The BBC has a vast catalogue of old TV and Radio programmes it would like to make searchable. COMMA is a platform for processing these cheaply and at scale.
Project from -
What we've done
COMMA was a 2-year project funded by the Technology Strategy Board to develop a prototype platform for the extraction of metadata from media archives. The project completed in 2015 and the platform is now in use by the BBC.
It was funded as part of the TSB's Collaborative R&D initiative. This aims to encourage innovation in the digital economy by funding partnerships between the public sector, business and academia. Our commercial partners in the project were Somethin' Else, a London-based content design and creation company, and Kite, an internet development consultancy.
Why it matters
There are many cultural institutions, commercial archives and content creators who have audio, film, photos and video that they would like to put to new uses.

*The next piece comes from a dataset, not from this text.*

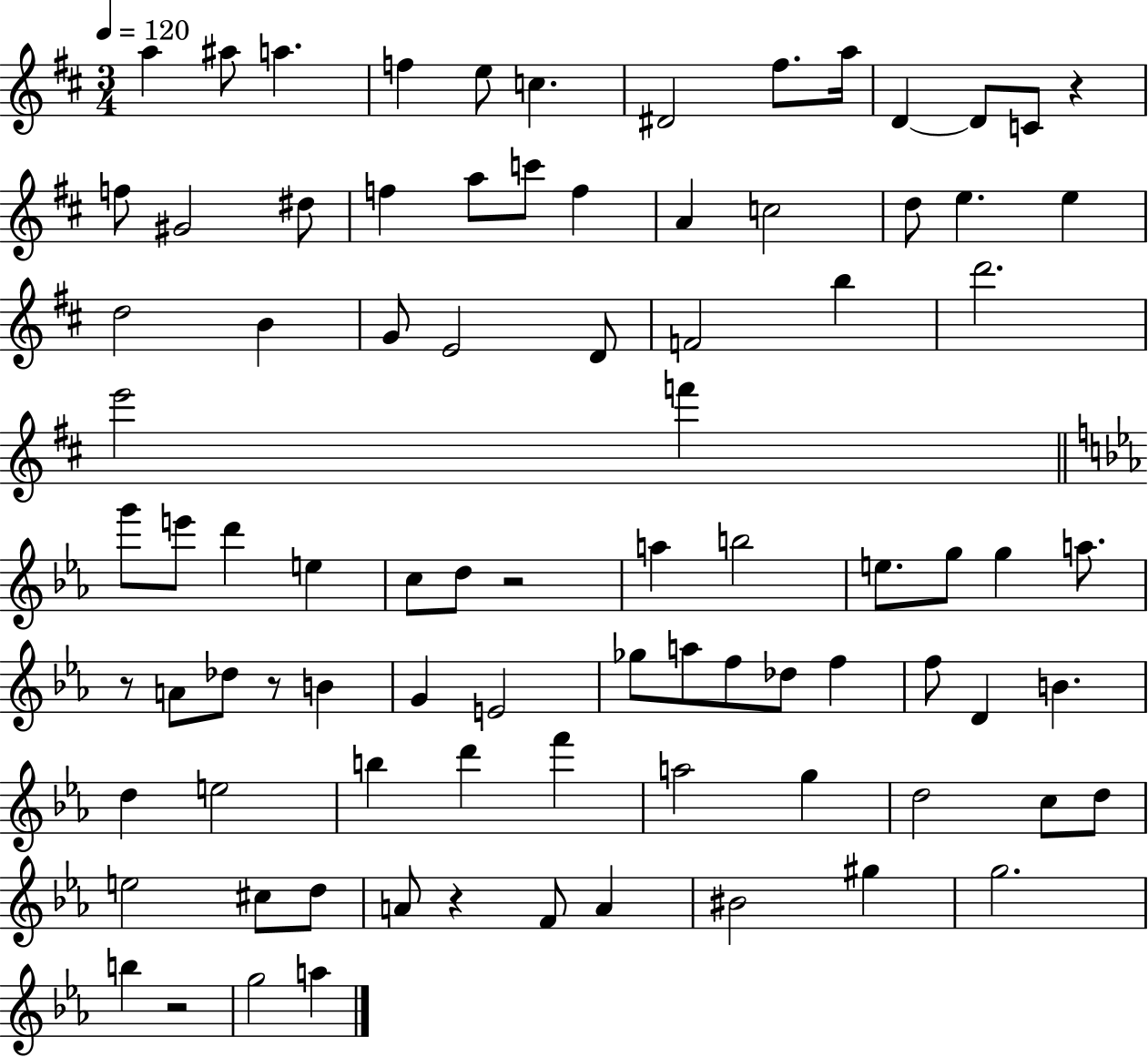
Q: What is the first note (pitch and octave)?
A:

The first step is usually digitisation, but the danger with a big digitisation project is you simply swap out an under-used physical archive for its digital equivalent. Without easy ways to navigate the data there's no way for your users to get to the bits they want.
Luckily, help is at hand in the shape of technologies like speech-to-text, face recognition, speaker recognition and a host of other metadata extraction algorithms. These can help unlock the value in media collections by making specific bits within the video or audio instantly findable.
COMMA is a platform that can help process content through algorithms like this cheaply and at scale. It is easy-to-use, fault-tolerant and flexible. It is currently being used in-house by the BBC for a variety of metadata processing tasks.
The project has now completed. However, we're interested in the needs of other public sector bodies or commercial companies who think they could benefit from this platform.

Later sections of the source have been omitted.